[Saved data entries]
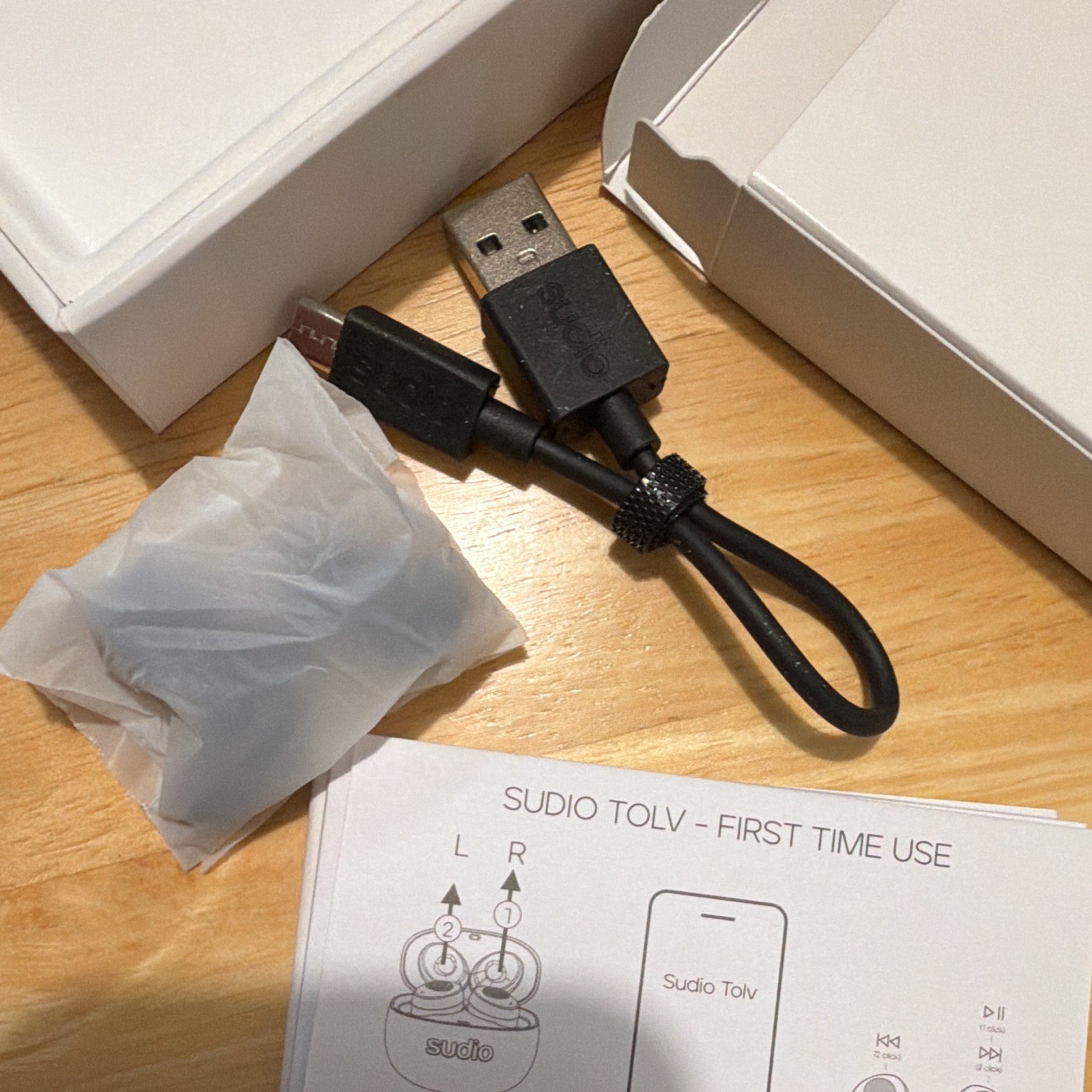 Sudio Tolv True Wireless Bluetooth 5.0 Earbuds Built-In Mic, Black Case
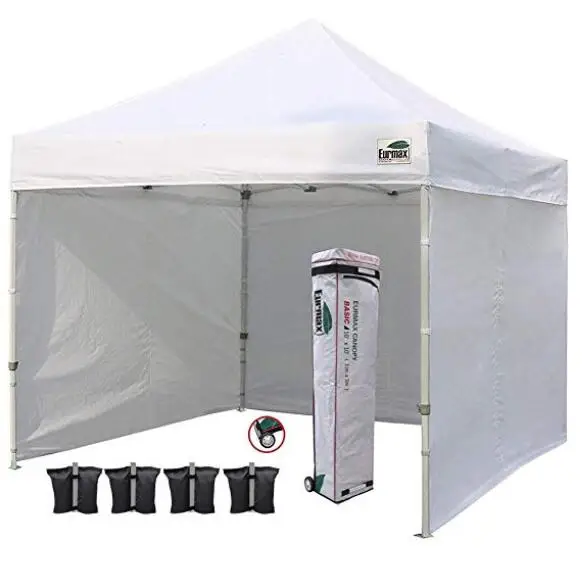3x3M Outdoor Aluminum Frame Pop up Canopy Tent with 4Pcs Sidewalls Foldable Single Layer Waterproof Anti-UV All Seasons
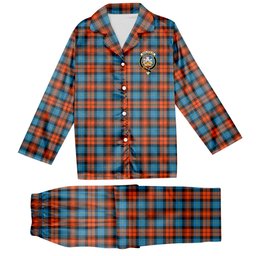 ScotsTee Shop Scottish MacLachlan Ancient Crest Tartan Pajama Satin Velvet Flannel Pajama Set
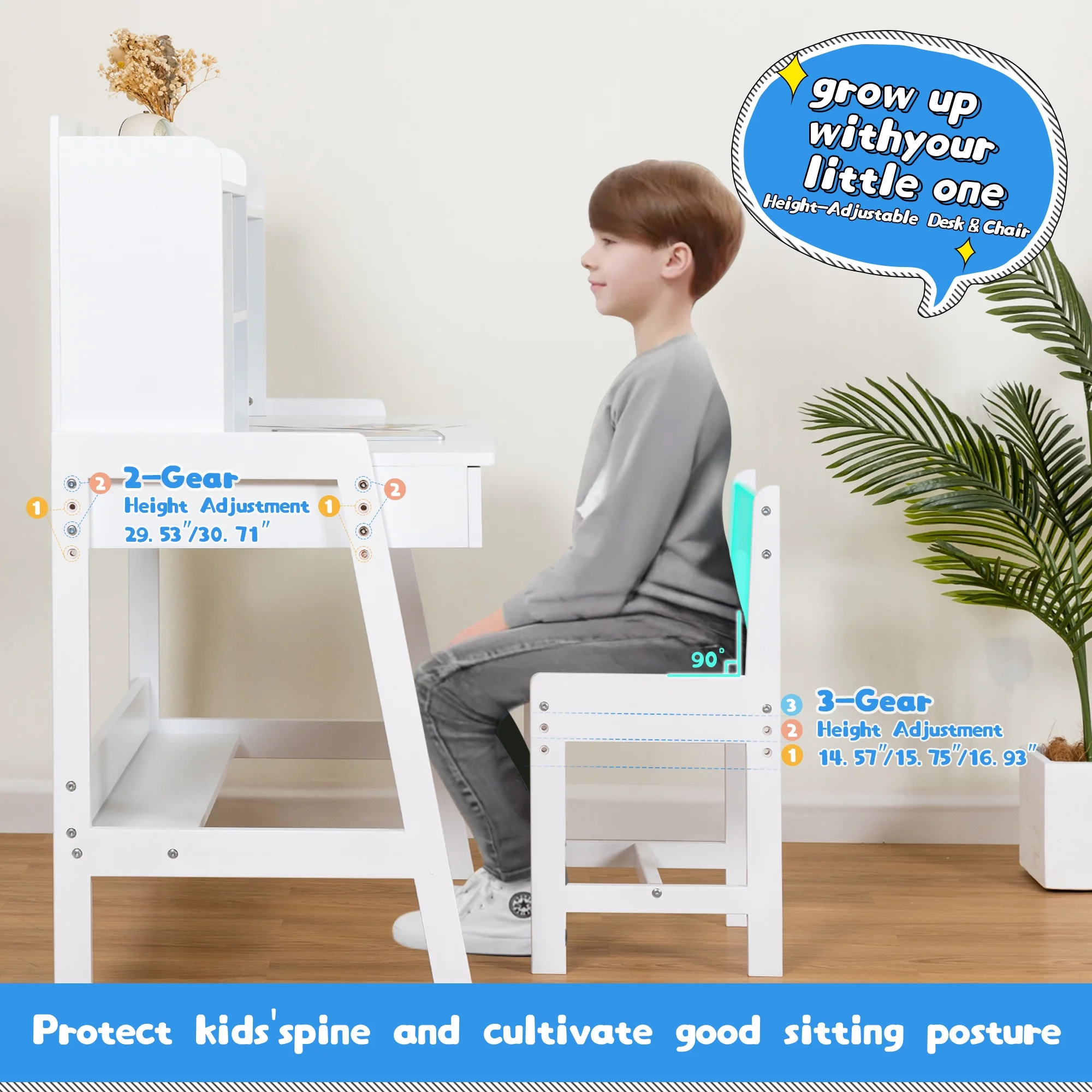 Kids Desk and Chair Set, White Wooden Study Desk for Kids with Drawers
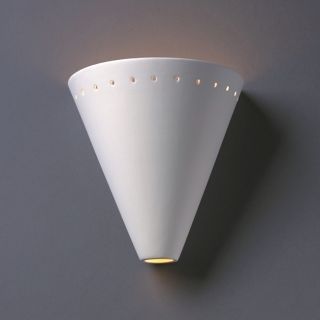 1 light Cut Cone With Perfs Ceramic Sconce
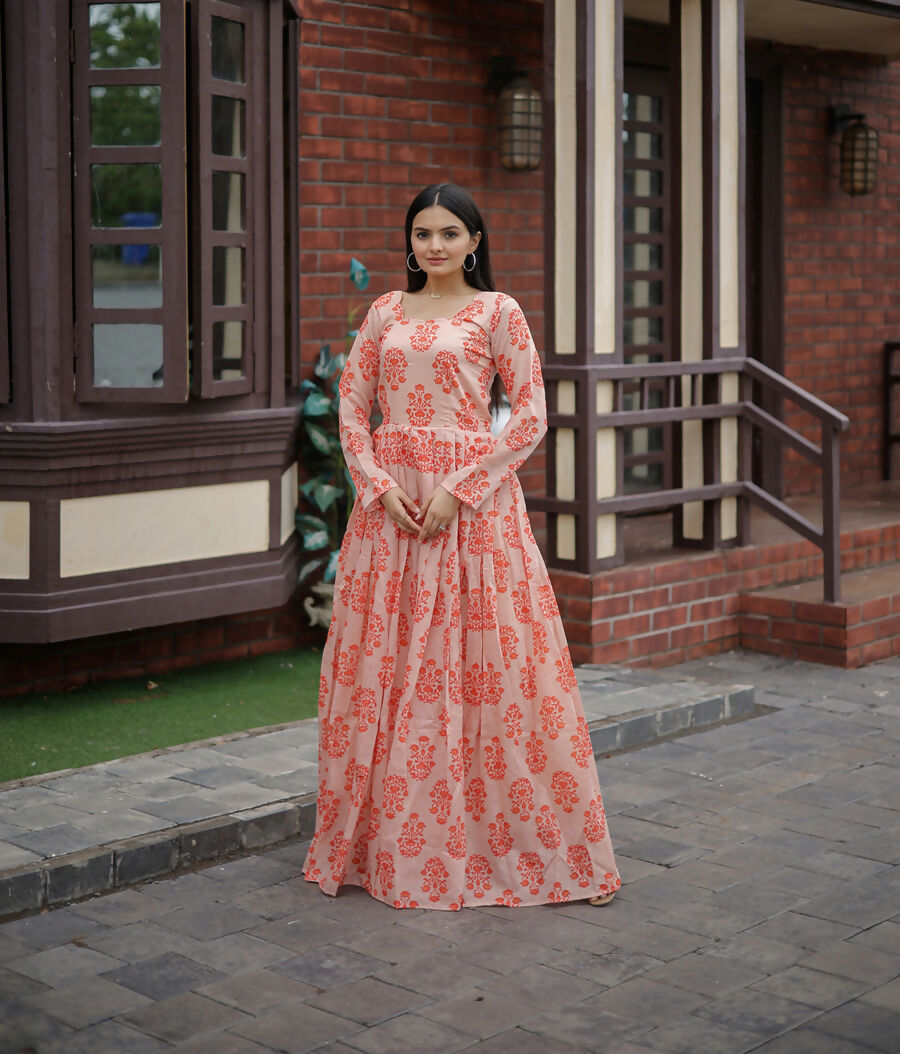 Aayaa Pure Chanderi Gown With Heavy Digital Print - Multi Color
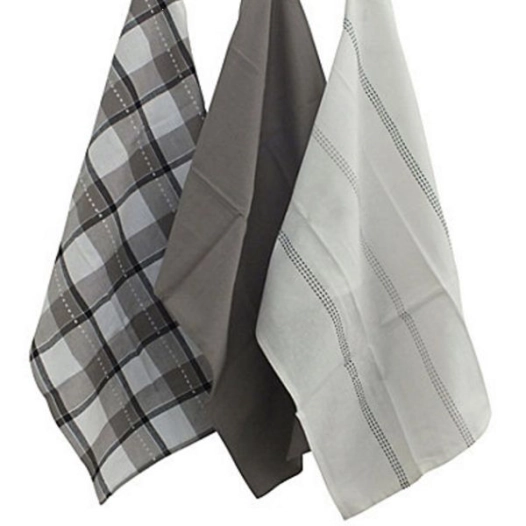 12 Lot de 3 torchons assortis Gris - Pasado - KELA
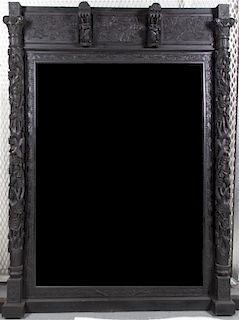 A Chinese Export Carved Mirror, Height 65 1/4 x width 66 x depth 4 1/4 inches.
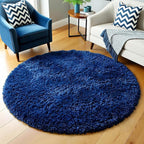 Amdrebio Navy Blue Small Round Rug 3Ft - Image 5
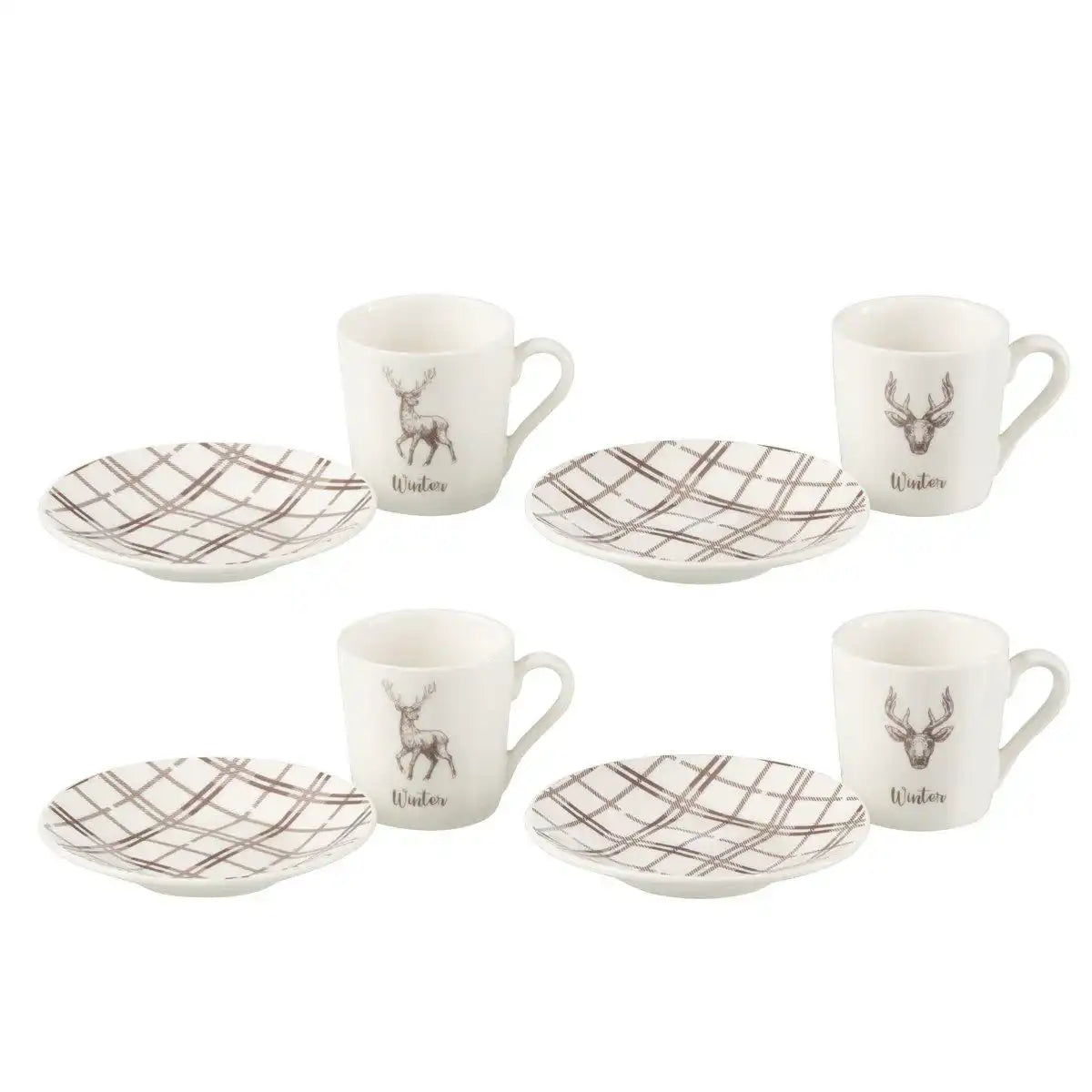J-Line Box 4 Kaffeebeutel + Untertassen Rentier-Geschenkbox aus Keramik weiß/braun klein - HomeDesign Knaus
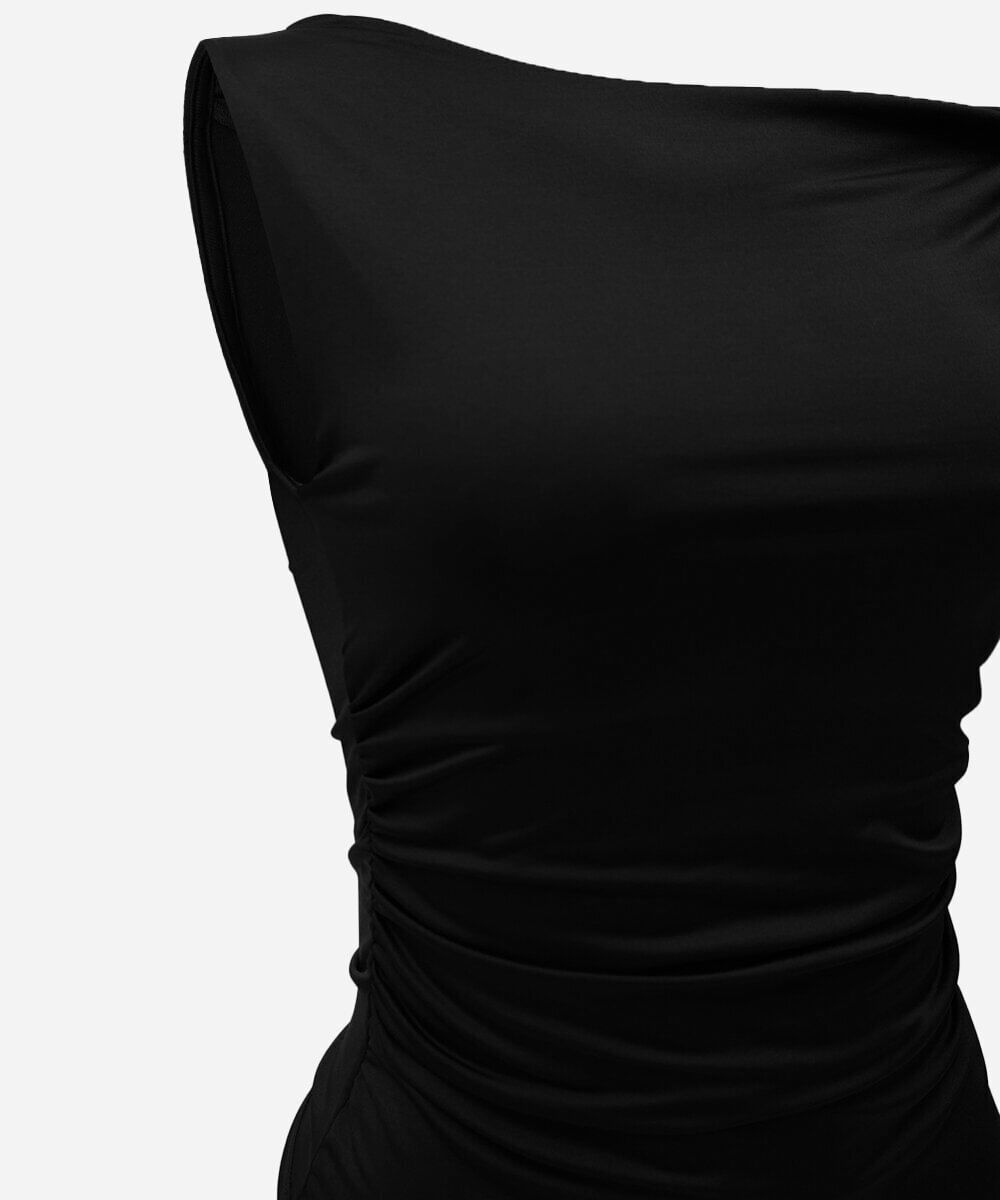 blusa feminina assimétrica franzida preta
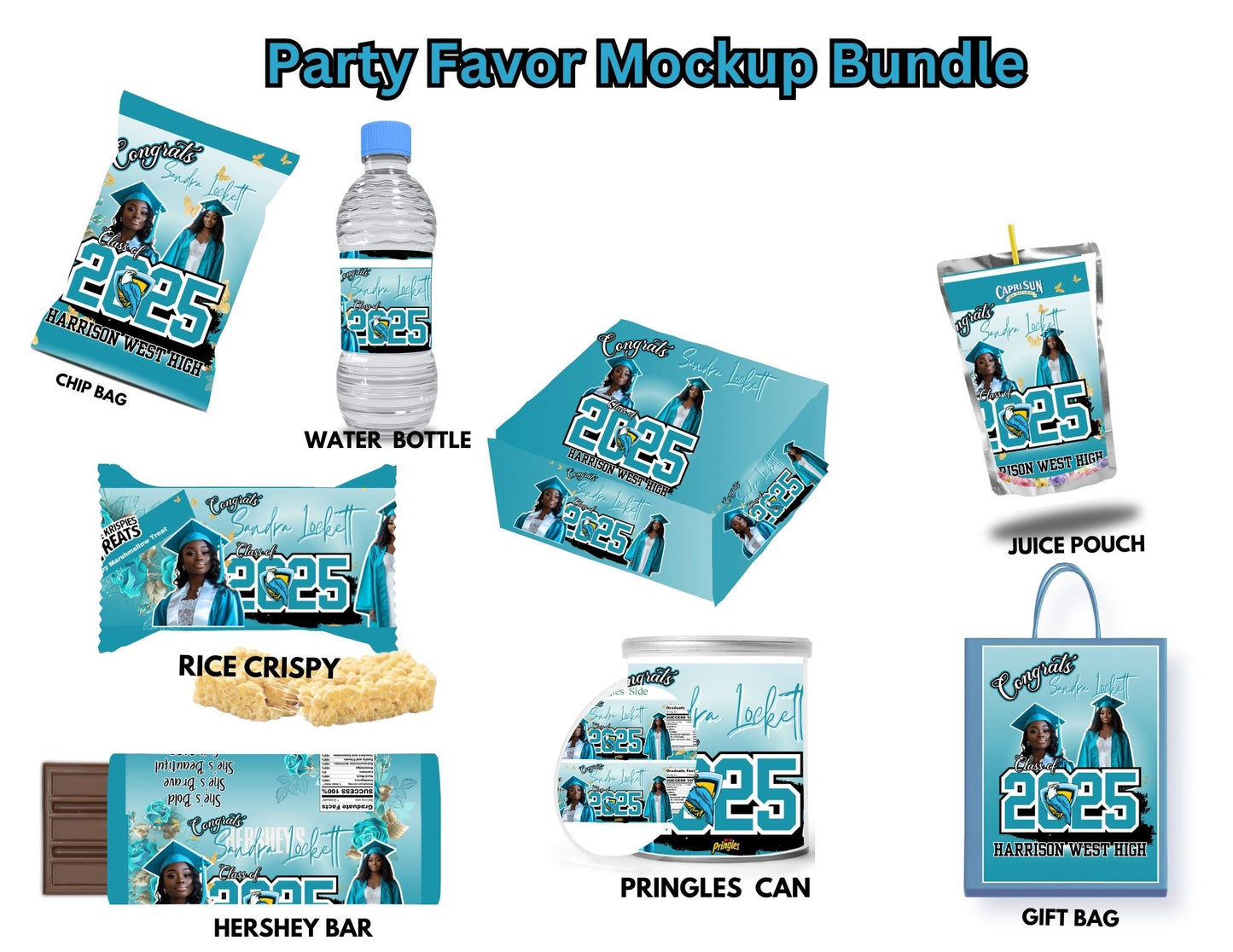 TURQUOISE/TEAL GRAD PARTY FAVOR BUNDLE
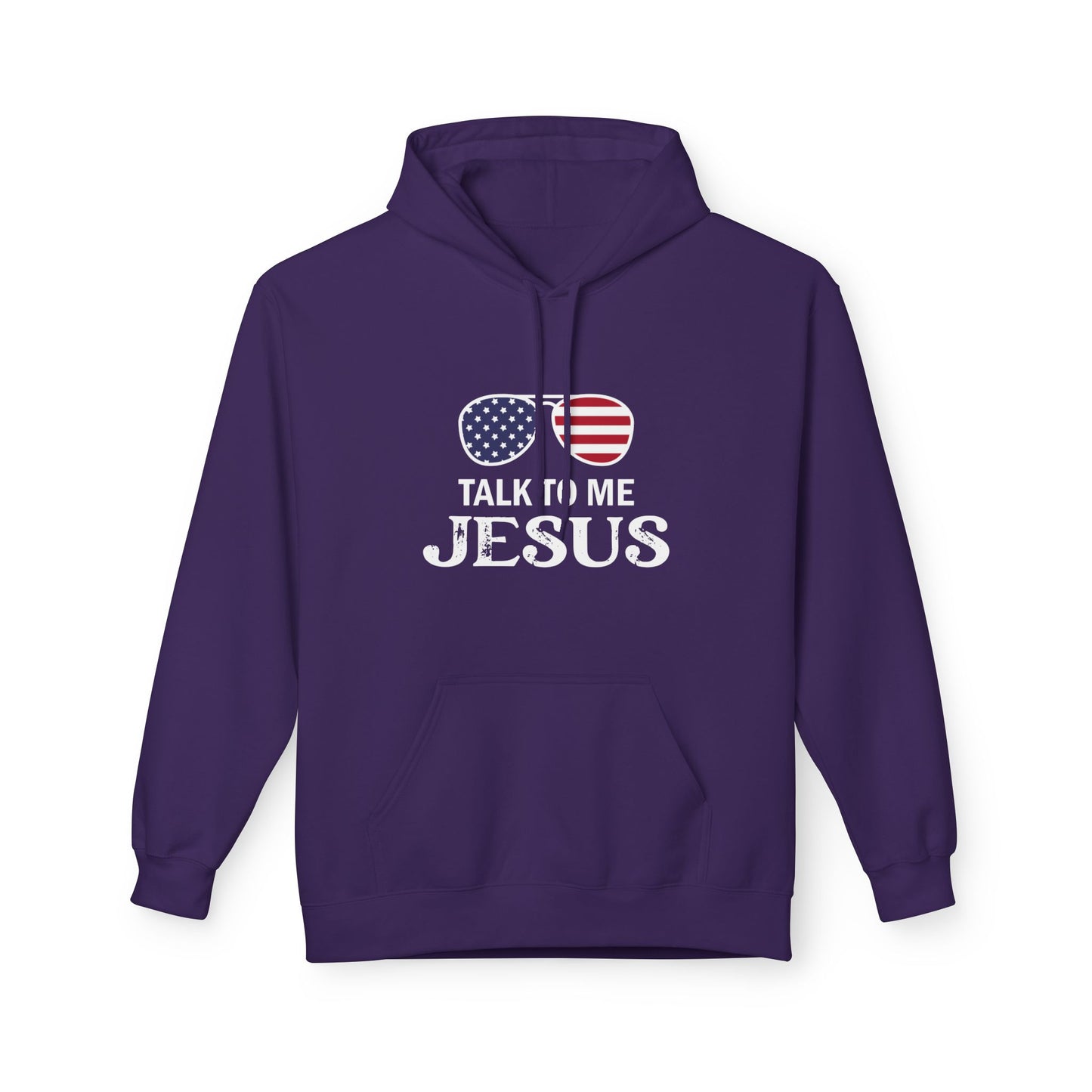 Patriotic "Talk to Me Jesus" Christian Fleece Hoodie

== TASK STATEMENT ==
Begin at the first line of the entries and stop after the line holding "Kids Desk and"; repeat those lines exactly, but not the pictures.

== FINAL ANSWER ==
 Sudio Tolv True Wireless Bluetooth 5.0 Earbuds Built-In Mic, Black Case
3x3M Outdoor Aluminum Frame Pop up Canopy Tent with 4Pcs Sidewalls Foldable Single Layer Waterproof Anti-UV All Seasons
 ScotsTee Shop Scottish MacLachlan Ancient Crest Tartan Pajama Satin Velvet Flannel Pajama Set
 Kids Desk and Chair Set, White Wooden Study Desk for Kids with Drawers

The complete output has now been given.